"An' if we hang around here fer a couple o' days, that'll make nine days, with a week's grub. What ye goin' to do 'bout that? I told ye we'd ort to take more."
"Yer head don't hurt you none—the way you work it, does it?" sneered Claw, "I s'pose we couldn't send the Dog Rib back fer some more grub while we was awaitin'? An' while he's gone you kin git a belly full of rootin' up the snow to find the camp."
For two days Claw laid in the tent and laughed at the Captain's sporadic efforts to uncover Brent's camp. "If you'd help, 'stead of layin' around laughin', we might find it!" flared the Captain.

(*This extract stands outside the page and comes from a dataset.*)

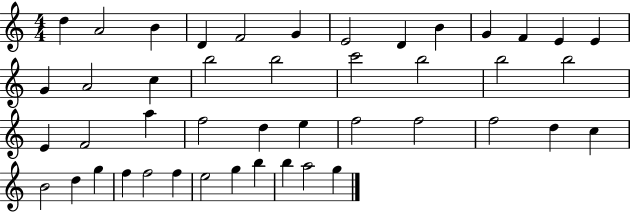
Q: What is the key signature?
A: C major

"I don't want to find it," jeered Claw, "I'm usin' my head—me. The main reason I come here was to kill Ace-In-The-Hole, so he couldn't butt in on
the other business. If the storm saved me the trouble, all right."
"But, the dust!"
"Sure—the dust," mocked Claw. "If we find the camp, an' locate the dust, I divide it up with you. If we don't—I slip up here in the spring, when you're chasin' whales, an' with the snow melted off all I got to do is reach down an' pick it up—an' they won't be no dividin', neither."
"What's to hinder me from slippin' in here long about that time? Two kin play that game."
"Help yerself," grinned Claw, "Only, the Mounted patrol will be along in the spring, an' they'll give you a chanct to explain about winterin' them klooches on the Belva Lou. You've forgot, mebbe, that such customs is frowned on."
"Ye damn double dealin' houn'!" cried the Captain, angrily.